**Brief descriptive captions**:
== Segment start ==

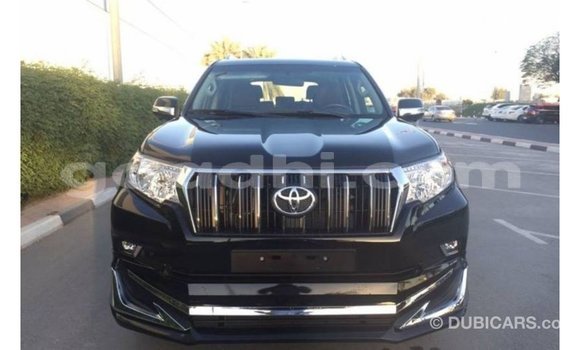 اشتري Imported Toyota Prado أسود سيارة في Import - Dubai في الصومال اشتري Imported Toyota Prado أسود سيارة في Import - Dubai في الصومال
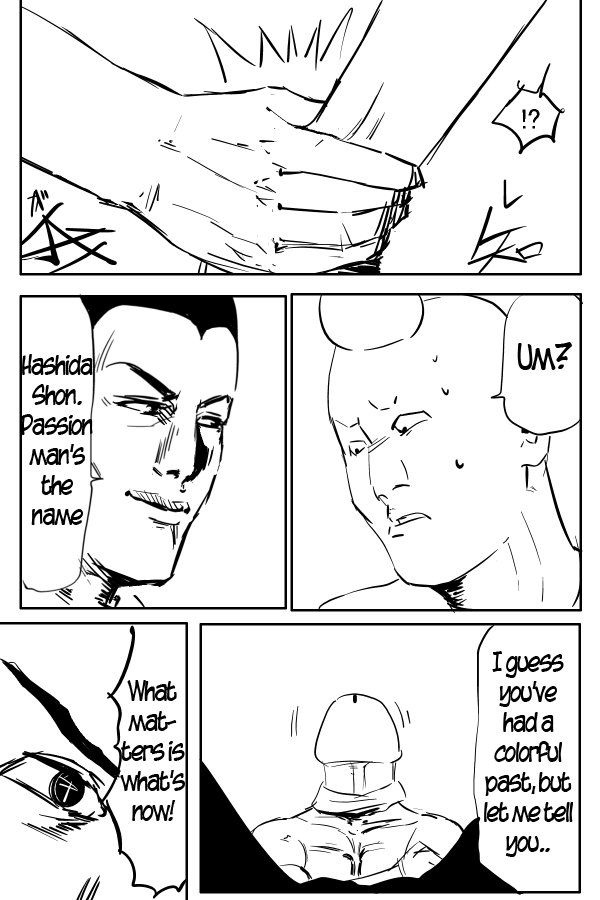The Penisman Chapter 12 page 5 - Chapter 12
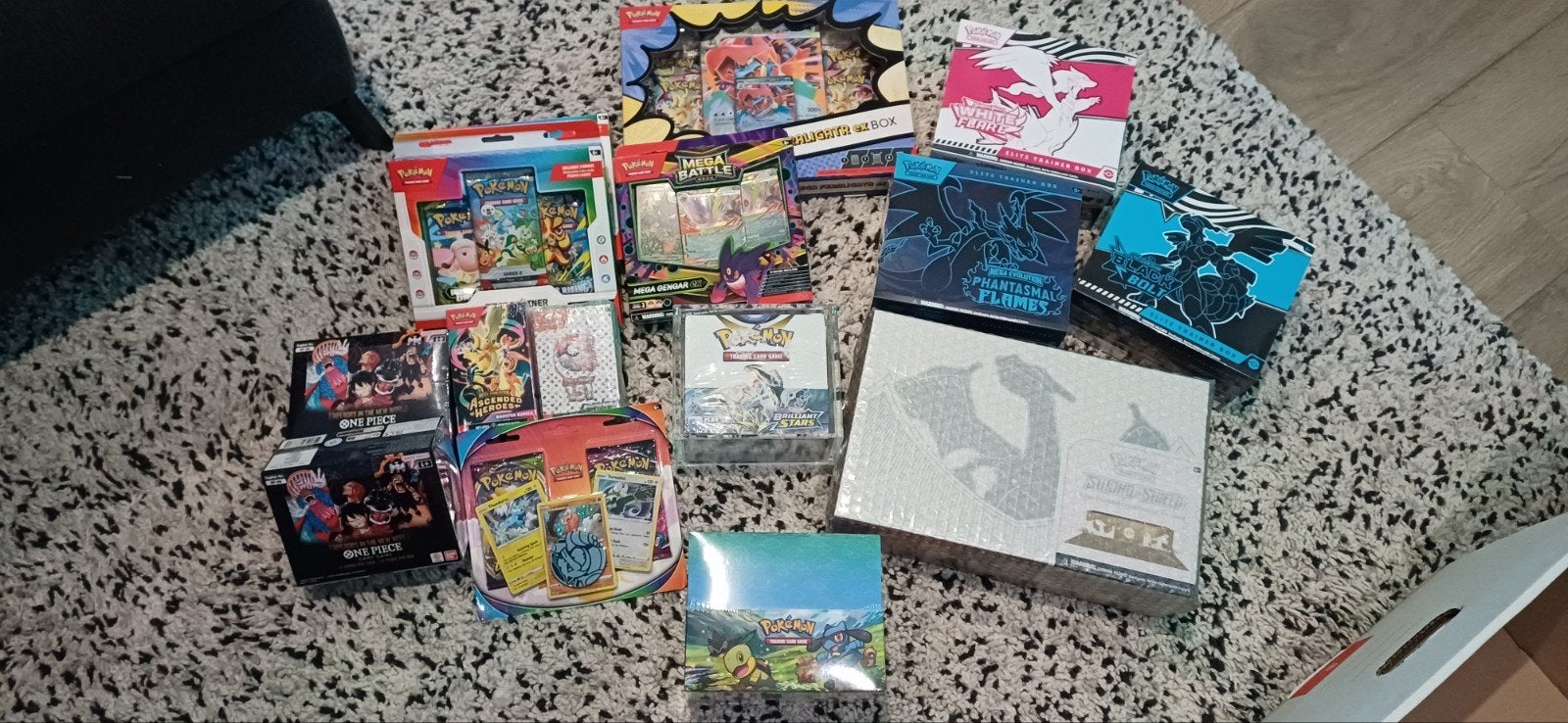 Collection de Pokémon scellée, Hobby & Loisirs créatifs, Jeux de cartes à collectionner | Pokémon, Enlèvement ou Envoi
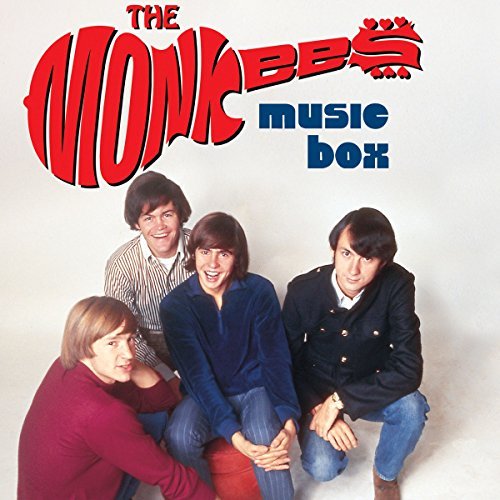 Monkees/Music Box@Incl. 96 Pg. Booklet@4 Cd Set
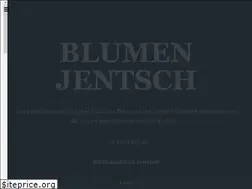 Sites similar to blumen-jentsch.de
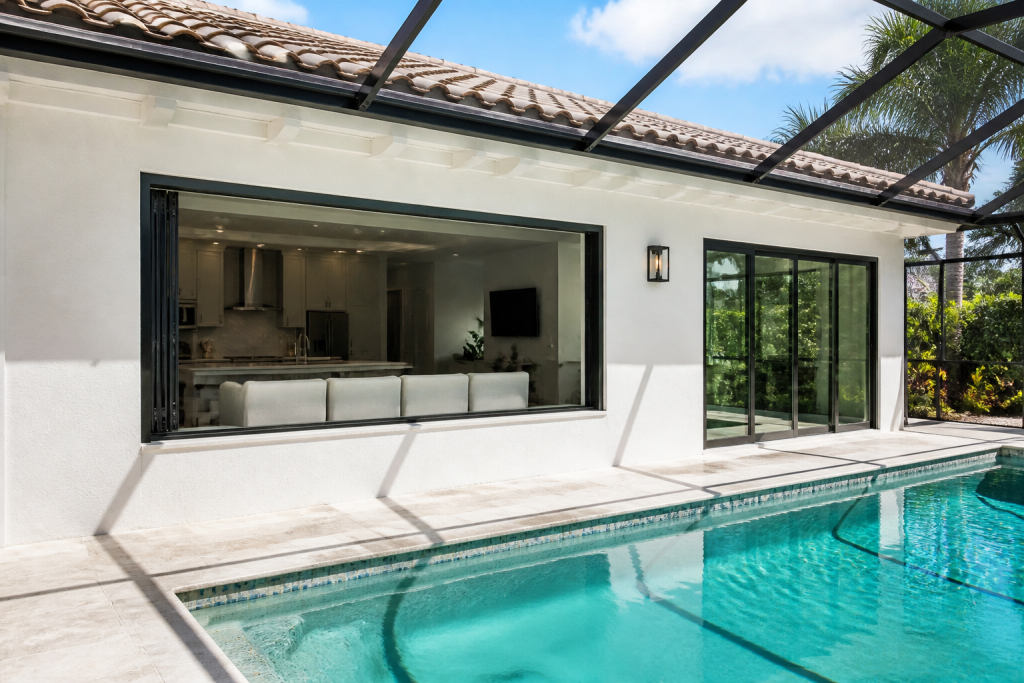 Horizontal Roller & Sliding Windows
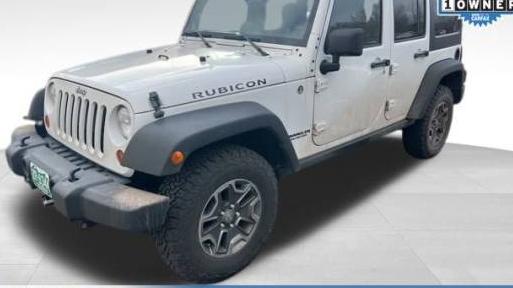 JEEP WRANGLER 2013 1C4HJWFG9DL507197 image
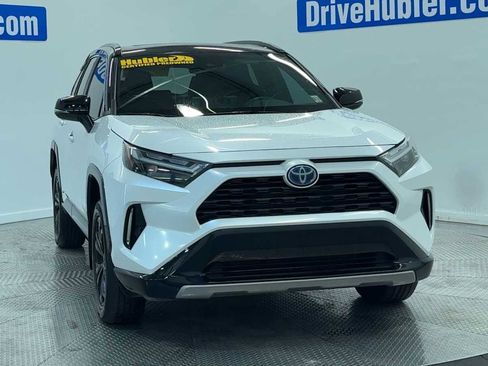 Used 2024 Toyota RAV4 XSE image 6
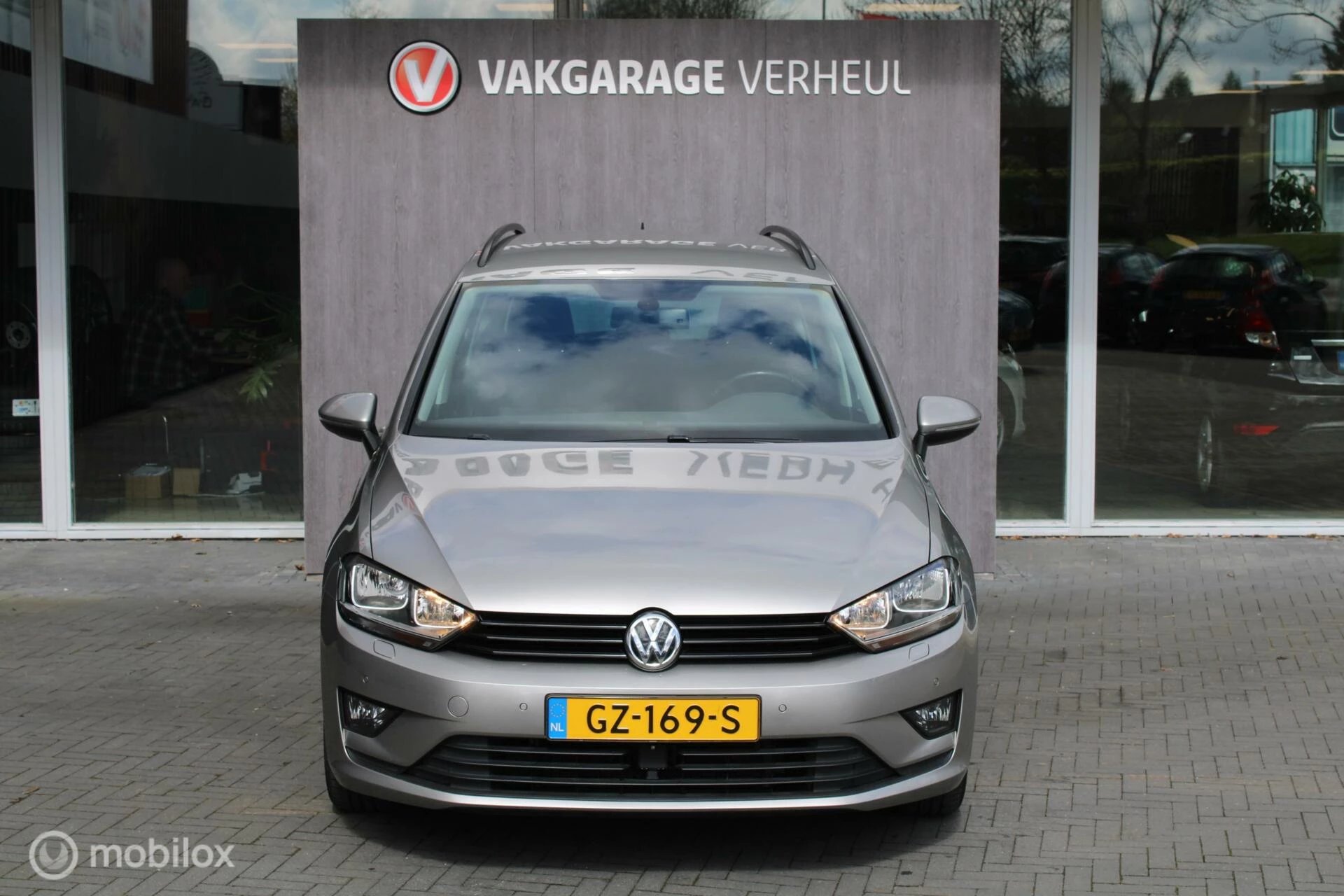 Hoofdafbeelding Volkswagen Golf Sportsvan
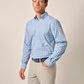 Roosevelt Performance Shirt Navy - Beau Outfitters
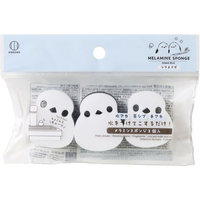 小久保工業所 シマエナガ メラミンスポンジ 3個入 FCD374G-4064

== Segment end ==

**Your goal**: Here the job is to print the data above exactly, except for any pictures.

**Task answer**:
 اشتري Imported Toyota Prado أسود سيارة في Import - Dubai في الصومال اشتري Imported Toyota Prado أسود سيارة في Import - Dubai في الصومال
The Penisman Chapter 12 page 5 - Chapter 12
 Collection de Pokémon scellée, Hobby & Loisirs créatifs, Jeux de cartes à collectionner | Pokémon, Enlèvement ou Envoi
 Monkees/Music Box@Incl. 96 Pg. Booklet@4 Cd Set
 Sites similar to blumen-jentsch.de
 Horizontal Roller & Sliding Windows
 JEEP WRANGLER 2013 1C4HJWFG9DL507197 image
 Used 2024 Toyota RAV4 XSE image 6
 Hoofdafbeelding Volkswagen Golf Sportsvan
 Roosevelt Performance Shirt Navy - Beau Outfitters
 小久保工業所 シマエナガ メラミンスポンジ 3個入 FCD374G-4064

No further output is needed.